Llega al Teatro Real una producción de El oro del Rin de Richard Wagner que ya tiene diez años. Una puesta en escena de Robert Carsen que tiene éxito allá donde se muestra. Montaje que incluye un mensaje ecologista pues este oro se esconde en un Rin lleno de residuos, de desperdicios, que la prisa del hombre moderno deposita en cualquier lado. Idea que le permite crear una potente imagen para la obertura.

Pero a medida que la obra pasa uno se da cuenta que va perdiendo el interés por lo que sucede en escena. Curioso porque la actualización y contemporización es de libro, para estudiar en las escuelas de arte dramático y en los conservatorios. Los enanos los representan cantantes y actores que se arrastran por el suelo o van de rodillas. Para los gigantes se han buscado actores y cantantes grandes, muy grandes. El lugar en el que se construye el Vallhalla, como toda construcción que se precie, está rodeado de bloques de hormigón y palés para usar y un mobiliario embalado dispuesto para amueblar la fortaleza, el castillo, en el momento que sea entregado. A todo esto, se añade que los cantantes están bien o muy bien. Y que si falla algo es algún que otro movimiento en escena, a penas apreciable.

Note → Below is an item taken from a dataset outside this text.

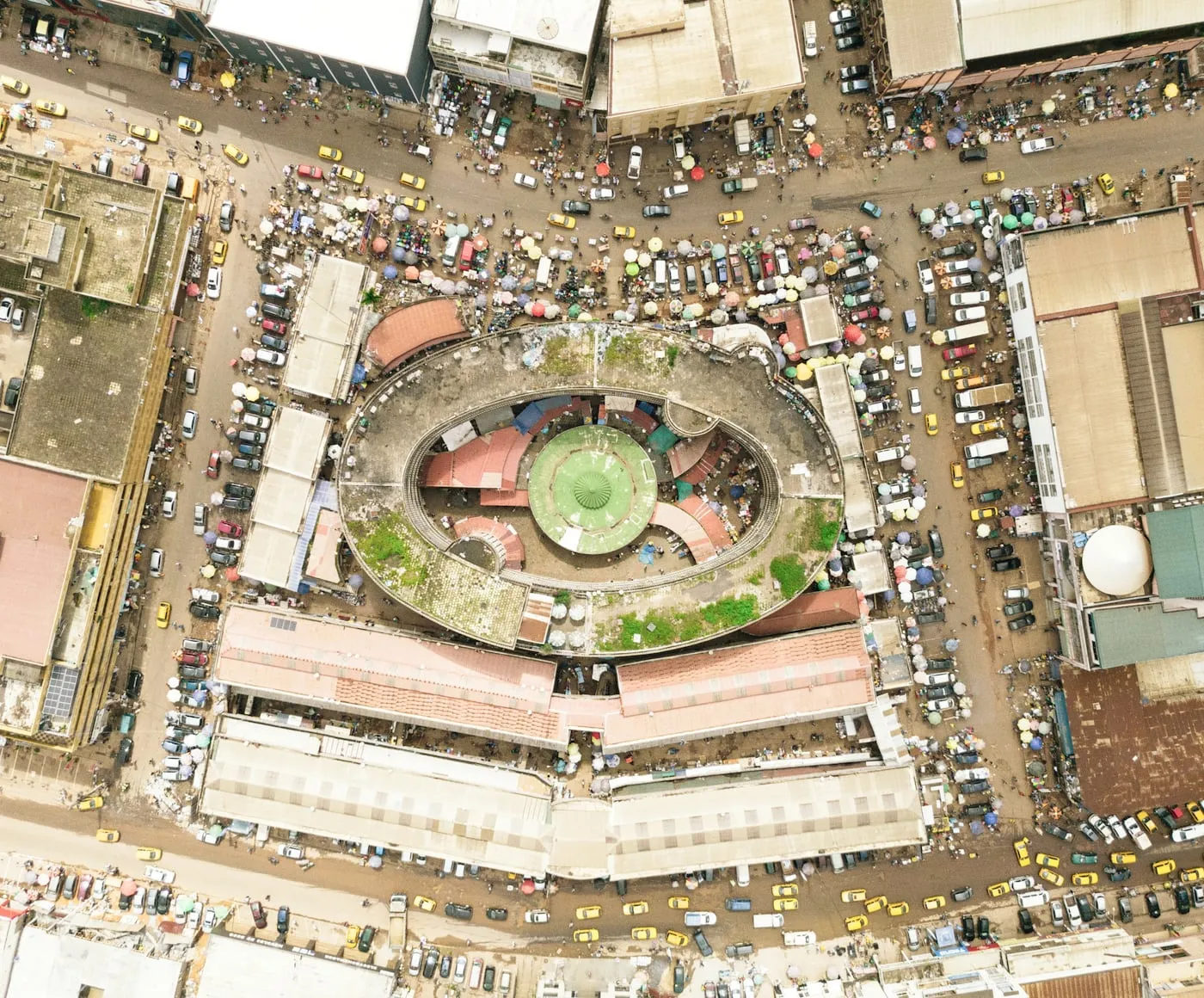Yaoundé vue du ciel : un marché circulaire, les rues et les toits autour, la ville que la base d'adressage décrit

Si está todo bien ¿por qué no funciona? Esa es la pregunta que surge no solo en el crítico, sino también en el público corriente y moliente. Un público que no se la hace de esta manera. Sino que la describe como agradable, con un “no está mal”, con algún pero por allí y por allá. Aunque en general, no le disgusta.

Así va pasando la obra hasta que uno se da cuenta que su cuerpo y su alma, sin quererlo y sin beberlo, se va colocando en el foso. Y aunque quiere ver lo que pasa en escena. La historia, el famoso plot de las películas americanas, no puede por menos de sentirse atraído y meterse en el foso. No solo porque Pablo Heras Casado siempre es un espectáculo dirigiendo, al que se le ve cantar y moverse con la energía de los bailarines.

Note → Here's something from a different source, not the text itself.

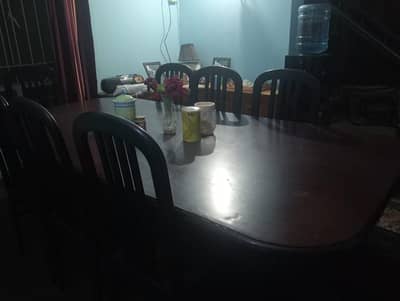 Dining table with 8 chairs(used) negotiable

La explicación parece compleja, sin embargo es fácil. Lo que se ve en escena es simplemente una ilustración, afortunada, es cierto, de la historia. Pura anécdota, como casi toda la ficción actual que llena la televisión, las novelas (sobre todo si son best sellers, incluso best sellers literarios), el cine y el teatro (más si se habla de teatro musical). El teatro de verdad es sugerencia. Es alguien que dice algo o canta algo sobre un cuadrilátero iluminado y lo hace real ante el espectador. Esa es la potencia de todo teatro.

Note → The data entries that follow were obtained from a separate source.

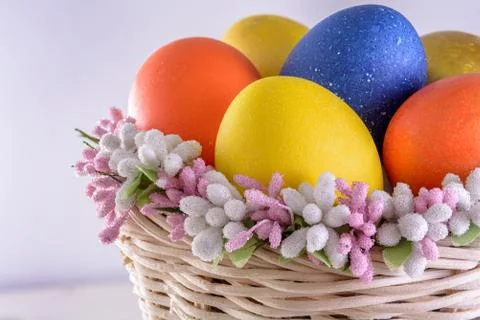 Bright easter eggs in wicker basket Stock Photos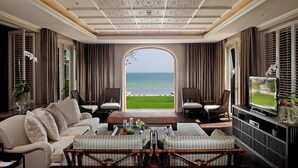 A luxurious living room with a view of the sea, featuring a sofa, armchairs, a coffee table, and a TV. - Intercontinental Hua Hin Resort by IHG (Hua Hin)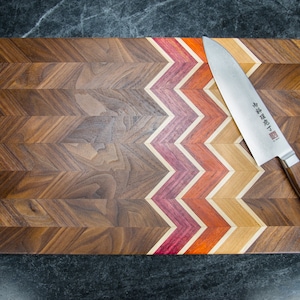Może przedstawiać: Drewniana deska do krojenia z wzorem w chevron. Deska wykonana jest z drewna orzechowego z kontrastową inkrustacją z czerwonego, pomarańczowego i ż&oacute;łtego drewna. Srebrny n&oacute;ż z drewnianym uchwytem leży na desce. N&oacute;ż ma japoński tekst na ostrzu.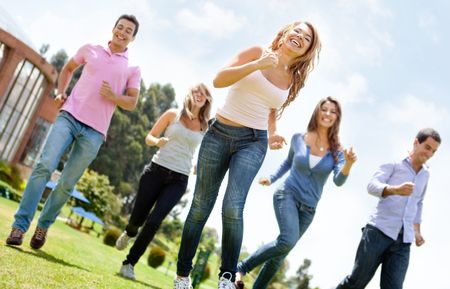 Happy group of friends running outdoors having fun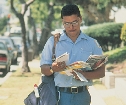 photograph of a male postal carrier delivering mail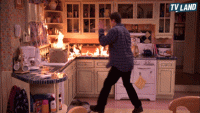 Raymond - Ray sets kitchen on fire.gif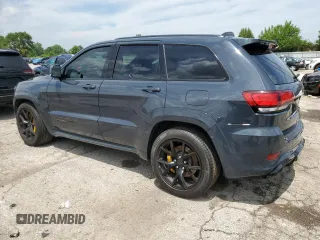 2018 Jeep Grand Cherokee Trackhawk with VIN 1C4RJFN99JC309254, listed as a Copart auction lot 64061615 with 104,558 mi miles and Clean title. Bid and sale history available at DreamBid. Image 2.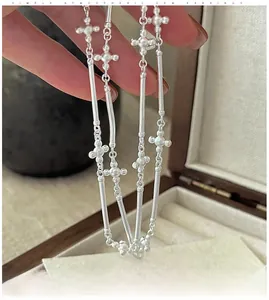 Détail du collier croix en argent S925 mat avec de longs maillons texturés au style vintage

Mientras, Robert Carsen simplemente dice el libreto con su propuesta, Pablo Heras Casado y la orquesta hacen que la obra suceda. Es decir, que el primero relata la anécdota de la búsqueda de un hipnótico anillo que da el poder a quien lo tiene a la vez que le quita la posibilidad de amar (¿o es de hacer el amor? ¿hace impotente al que posee el anillo?), sin que nada les suceda realmente a los personajes. Algo que se nota en la forma en la que los interpretes ocupan el escenario, es decir, interpretan, poniendo sus voces y no estando presentes, exceptuando a Ronnita Miller y su diosa Erda que a pesar de su corto papel, su casi incidental escena en las dos horas y media sin descanso que dura el espectáculo, se lleva uno de los mayores aplausos del público.

En el foso ocurre todo lo contrario, los músicos y su director están presentes y se nota. Por eso la atención del espectador se mueve al foso, a penas salta a un escenario que no le entusiasma, ni si quiera le molesta, tampoco les lleva a pensar(se) en lo que son, en lo que hacen, en como viven su poder (de amar) y su impotencia (amatoria). Eso no ocurre con el Wagner que se oye en el teatro, ese Wagner hace todo lo contrario.